(Data)
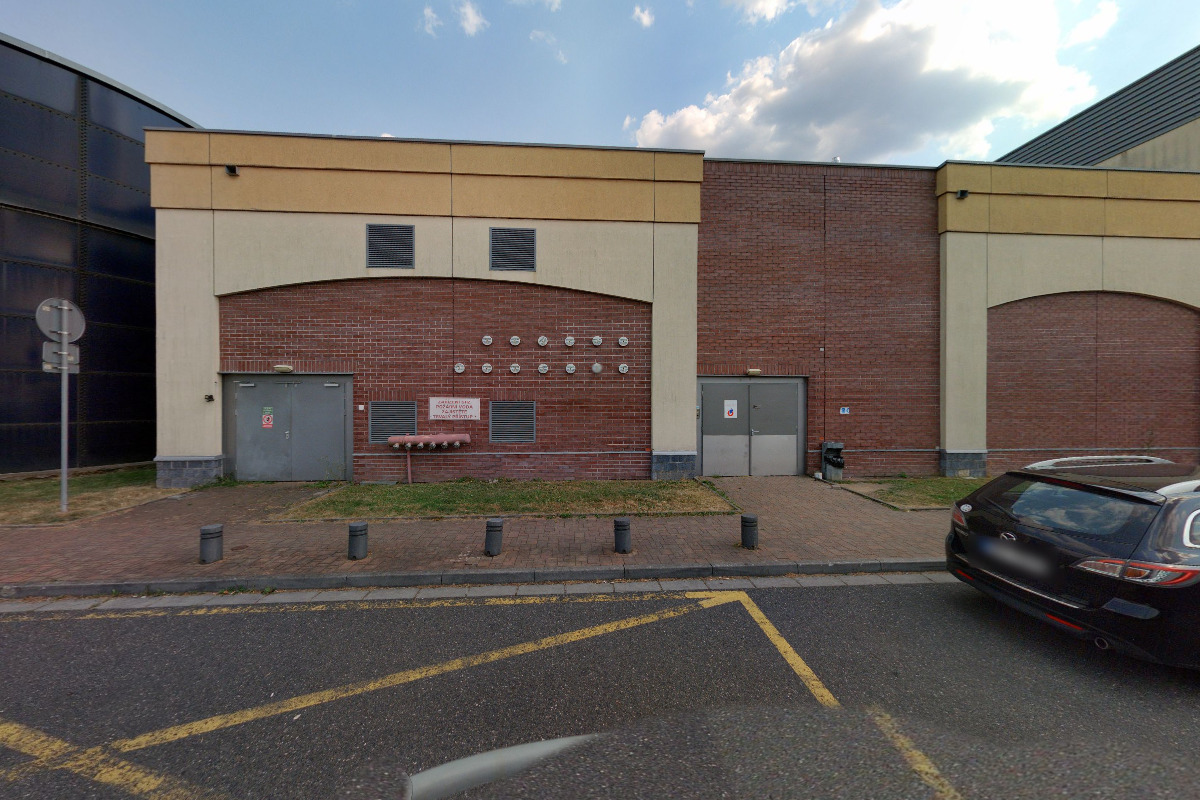 Hair Studio Dragon Fantasy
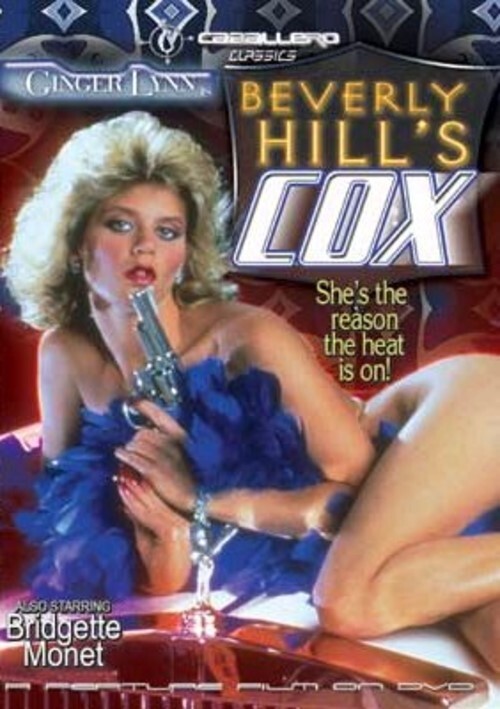 Beverly Hills Cox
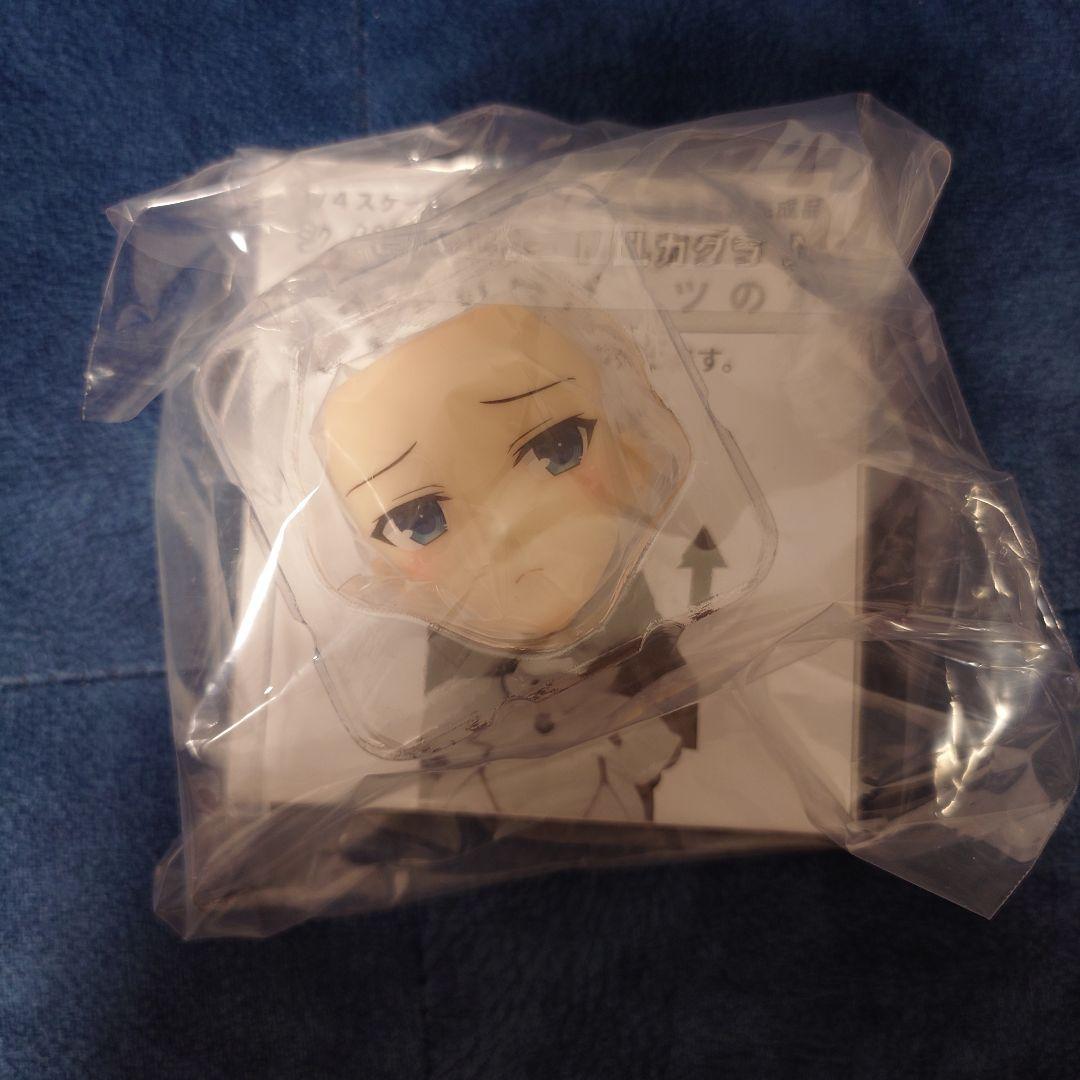 閃乱カグラ 斑鳩 ナース スケールフィギュア ホビーストック限定特典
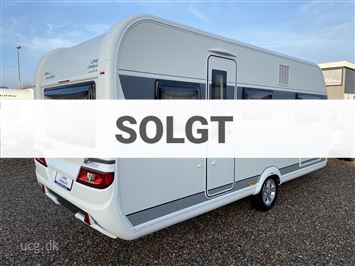 Hobby De Luxe 495 UL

(Problem) An exact transcript of the listing is needed, free of pictures.

(Task solution)
 Hair Studio Dragon Fantasy
 Beverly Hills Cox
 閃乱カグラ 斑鳩 ナース スケールフィギュア ホビーストック限定特典
 Hobby De Luxe 495 UL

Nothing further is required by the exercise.